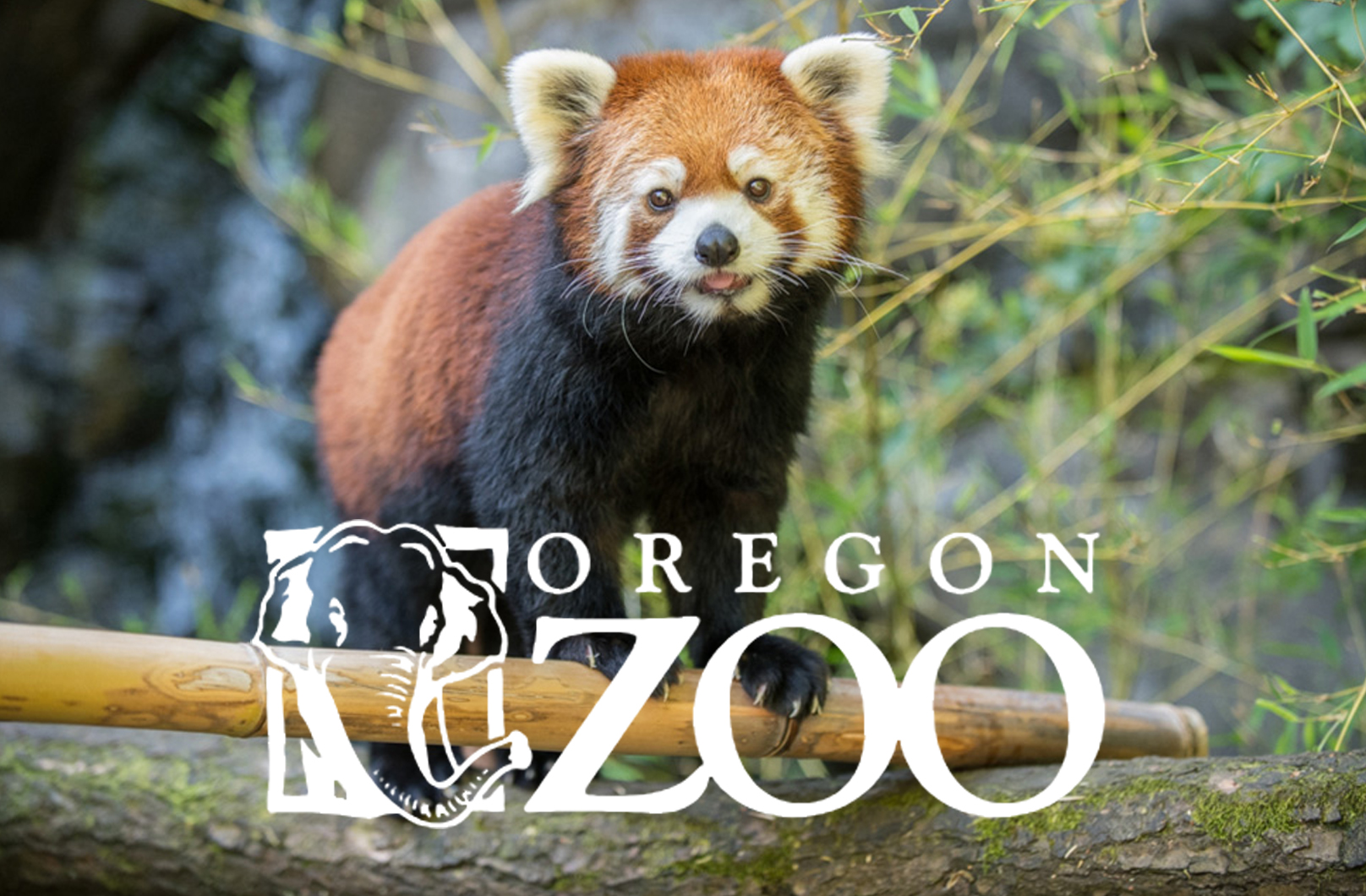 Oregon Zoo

...

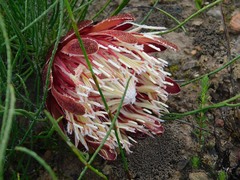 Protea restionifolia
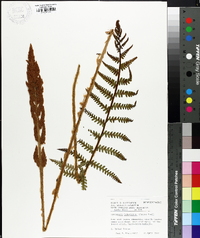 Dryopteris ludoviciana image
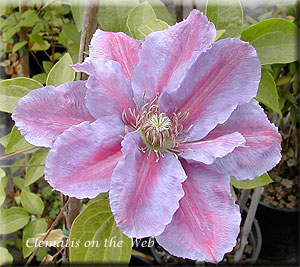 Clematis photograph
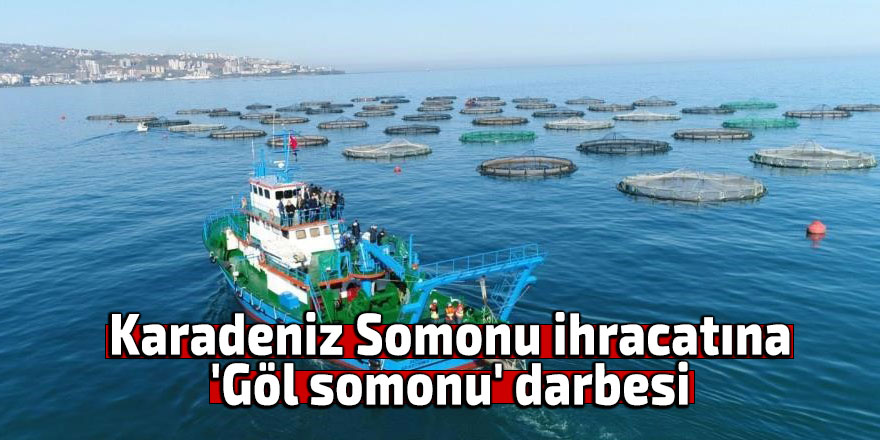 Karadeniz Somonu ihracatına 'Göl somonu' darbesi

== What is needed ==
Within the material above, find the part that opens with the line containing "Protea restionifolia" and closes with the line containing "Karadeniz Somonu ihracatına", and reproduce it exactly without the pictures.

== Answer space ==
 Protea restionifolia
 Dryopteris ludoviciana image
 Clematis photograph
 Karadeniz Somonu ihracatına 'Göl somonu' darbesi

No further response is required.